++++ RECORDS SUPPLIED ++++

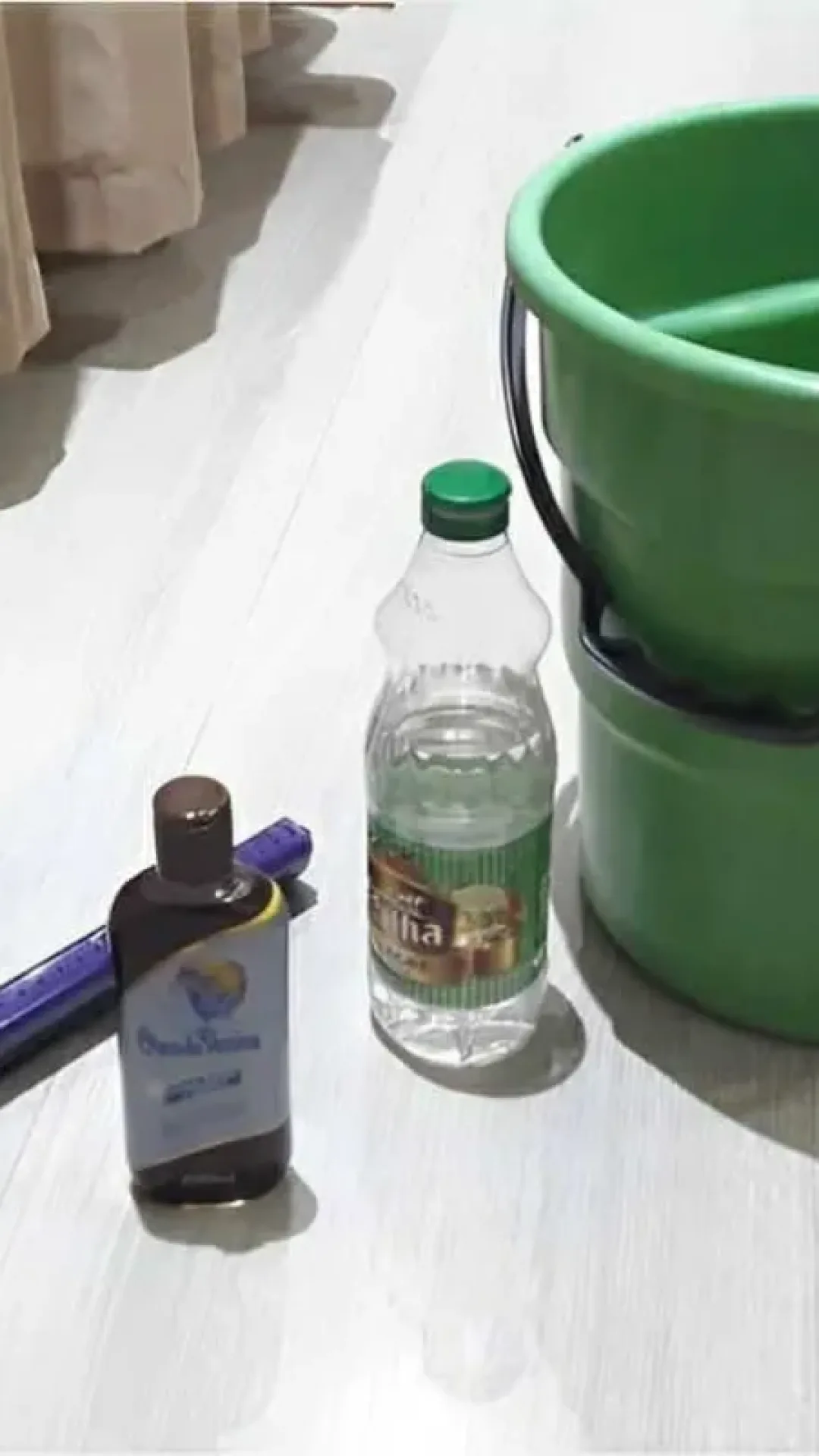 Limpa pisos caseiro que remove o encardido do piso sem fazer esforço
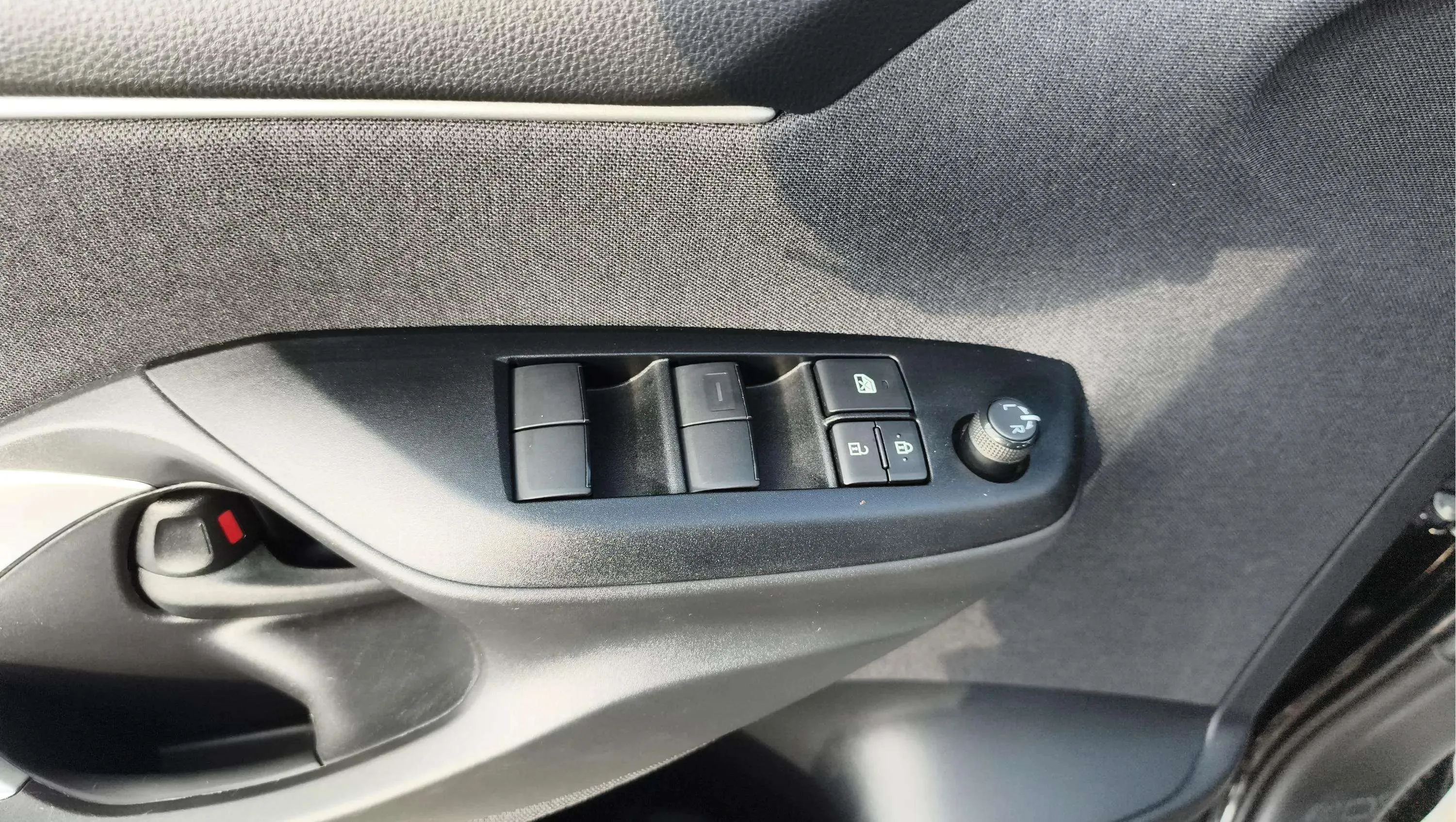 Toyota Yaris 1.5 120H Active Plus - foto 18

++++
++++ RECORDS SUPPLIED ++++

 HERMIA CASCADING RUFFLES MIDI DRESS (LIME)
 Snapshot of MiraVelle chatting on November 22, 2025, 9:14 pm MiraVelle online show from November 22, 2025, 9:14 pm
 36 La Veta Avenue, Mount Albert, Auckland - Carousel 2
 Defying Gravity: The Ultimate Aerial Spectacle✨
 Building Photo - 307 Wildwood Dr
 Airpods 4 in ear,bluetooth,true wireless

++++
++++ RECORDS SUPPLIED ++++

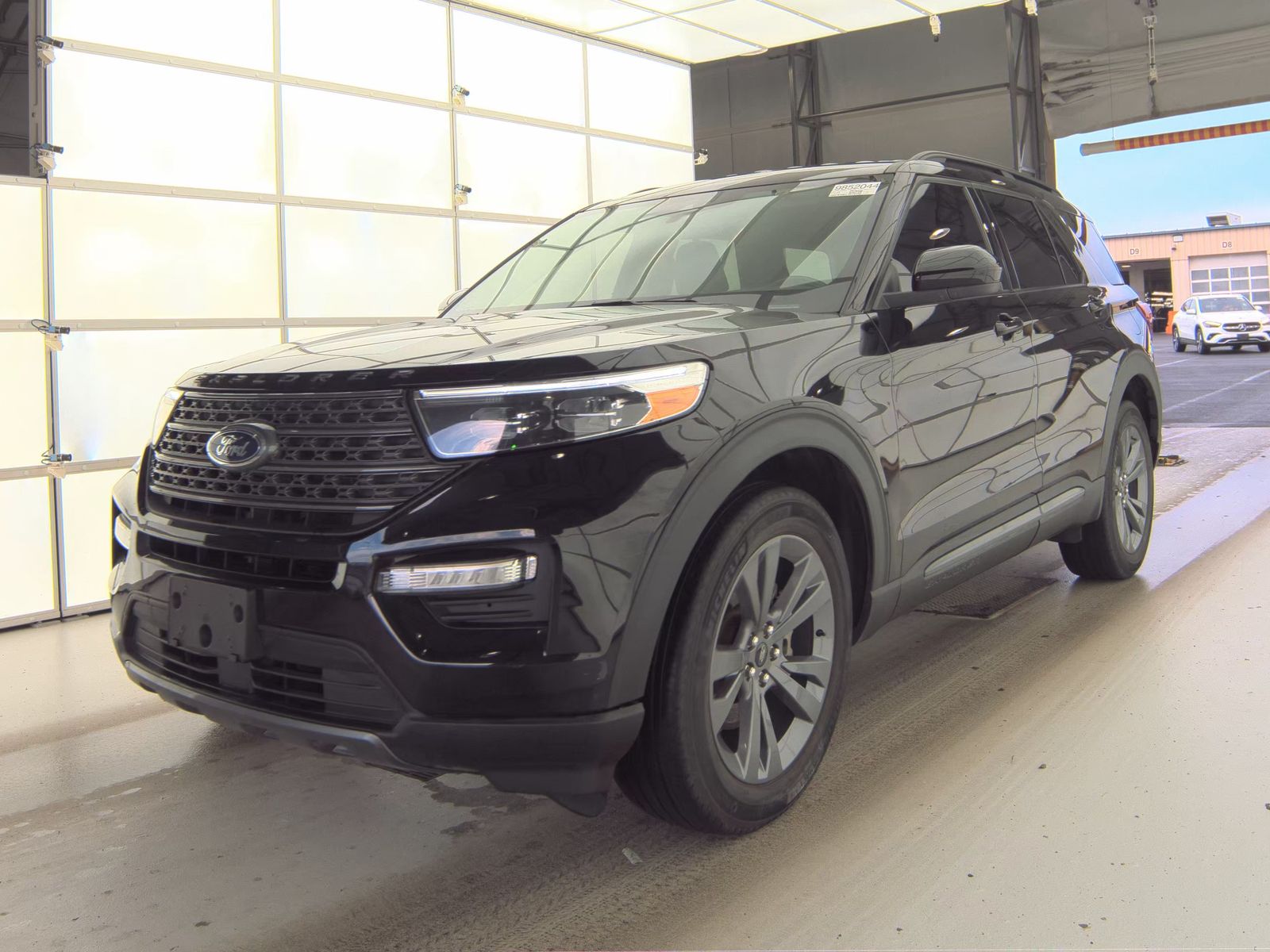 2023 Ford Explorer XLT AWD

++++

* **WHAT TO PRODUCE**
Look above for the line with "Snapshot of MiraVelle" and the line with "Airpods 4 in ear,bluetooth,true wireless". Write out those two lines and all the lines between them, exactly, and no others.

* **EXERCISE RESPONSE**
 Snapshot of MiraVelle chatting on November 22, 2025, 9:14 pm MiraVelle online show from November 22, 2025, 9:14 pm
 36 La Veta Avenue, Mount Albert, Auckland - Carousel 2
 Defying Gravity: The Ultimate Aerial Spectacle✨
 Building Photo - 307 Wildwood Dr
 Airpods 4 in ear,bluetooth,true wireless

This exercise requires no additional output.